As the visual quality of video games, movies, music, and other entertainment media improve, HDD manufacturers continue the endless pursuit of higher capacity in order to keep up with the demand. One such manufacturer, Fujitsu Computer Products of America, may have a leading position in the HDD market of tomorrow. In fact, Fujitsu is working on a technology that will allow 2.5 inch HDDs to carry up to 1.2TB of storage space.
“The company is announcing later this week that it has created ideally ‘ordered’ alumina nanohole patterns for isolated bit-by-bit recording on a large disk area. With that feat, Fujitsu says it has successfully demonstrated the ability to perform basic read/write capability of each individual nanohole of the patterned media using a typical flying head on a rotating disk. That breakthrough could lead the company to produce hard drives with storage capacities of up to 1.2TB on a two-platter, 2.5-in. drive as soon as 2010, noted Joel Hagberg, vice president of business development at Fujitsu Computer Products of America, a wholly owned subsidiary of Tokyo-based Fujitsu.”

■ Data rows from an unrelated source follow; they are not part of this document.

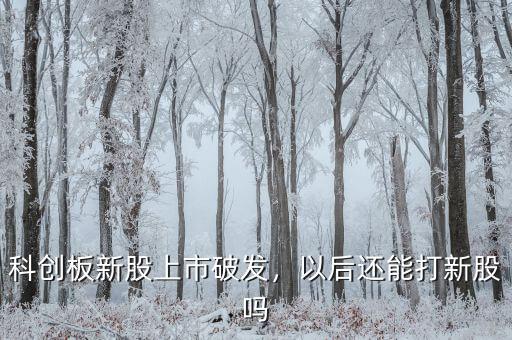 科創(chuàng)板新股上市破發(fā)，以后還能打新股嗎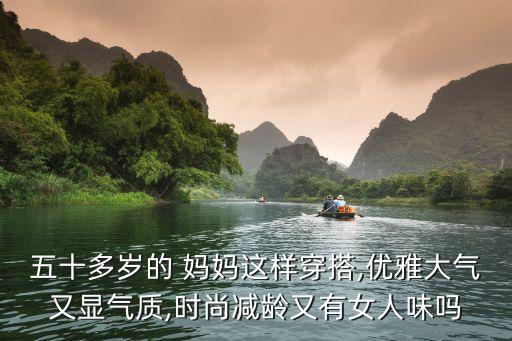 五十多岁的 妈妈这样穿搭,优雅大气又显气质,时尚减龄又有女人味吗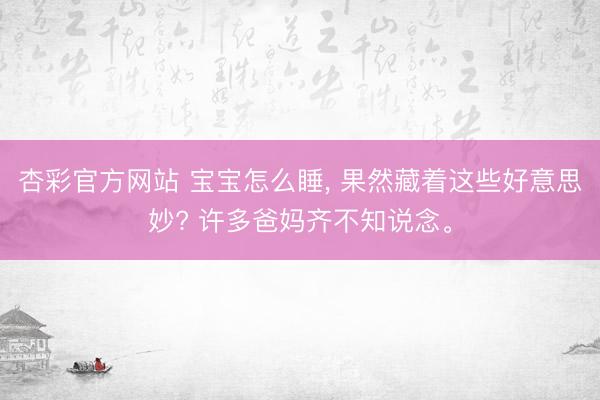 杏彩官方网站 宝宝怎么睡， 果然藏着这些好意思妙? 许多爸妈齐不知说念。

The development of the ideally ordered alumina nanohole patterned media was a collaborative effort between the Kanagawa Academy of Science and Technology, Fujitsu Computer Products of America, and Yamagata Fujitsu Ltd. Smaller hard drives tend to be easier to cool down and tend to use less power. However, smaller HDDs have traditionally had less storage capacity compared to their larger counterparts. That’s why the endeavor may have been a response to the demand for a hard drive that combines the best of both worlds: high capacity, low power consumption, and easy to cool.